§ **Your objective**
Here is the task for the listing below: output exactly the lines from the one containing "Teppich Wilton Tamir" through the one containing "Givenchy Logo Tee In White", and leave out the pictures.

§ **Supplied entries**
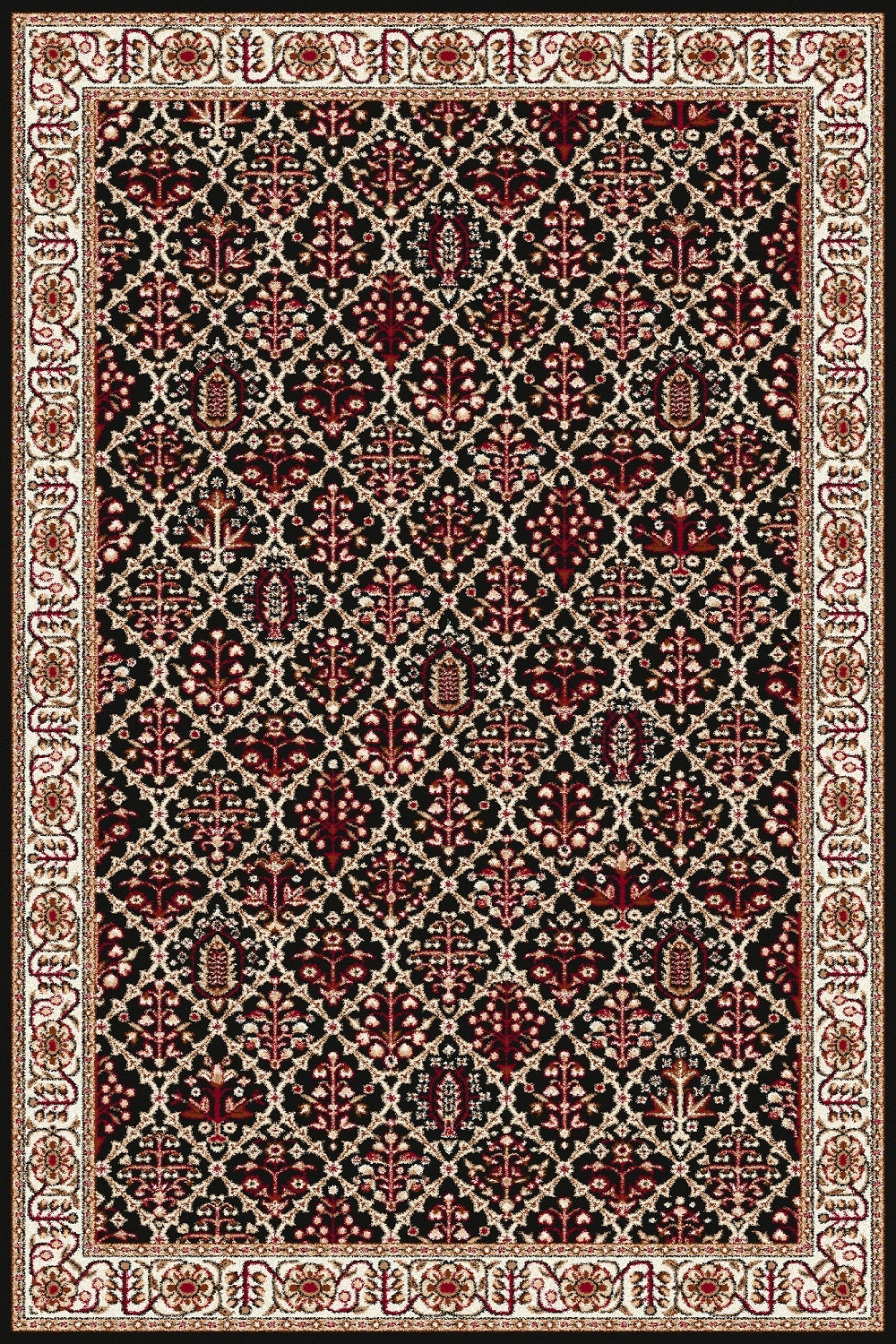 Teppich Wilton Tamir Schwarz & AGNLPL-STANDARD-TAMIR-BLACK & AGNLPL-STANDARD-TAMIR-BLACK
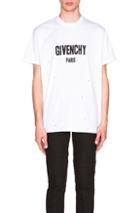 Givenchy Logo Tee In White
---
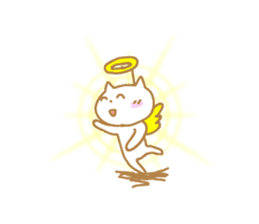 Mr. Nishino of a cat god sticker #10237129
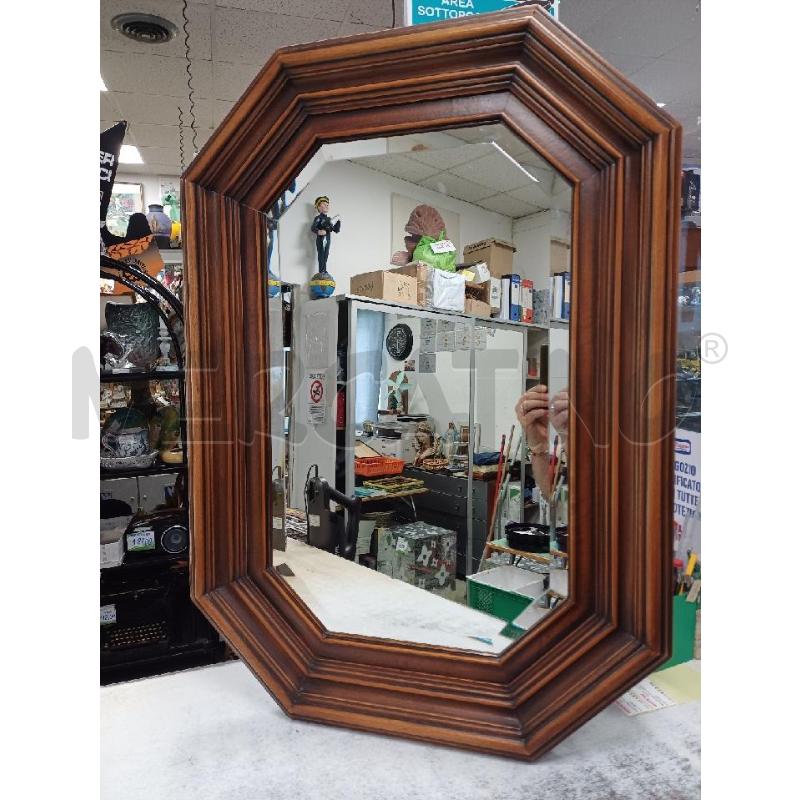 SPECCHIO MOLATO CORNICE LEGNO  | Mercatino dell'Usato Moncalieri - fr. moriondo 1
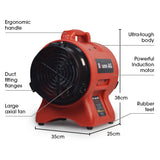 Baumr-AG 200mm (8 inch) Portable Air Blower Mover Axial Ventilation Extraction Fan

§ **Reply**
 Teppich Wilton Tamir Schwarz & AGNLPL-STANDARD-TAMIR-BLACK & AGNLPL-STANDARD-TAMIR-BLACK
 Givenchy Logo Tee In White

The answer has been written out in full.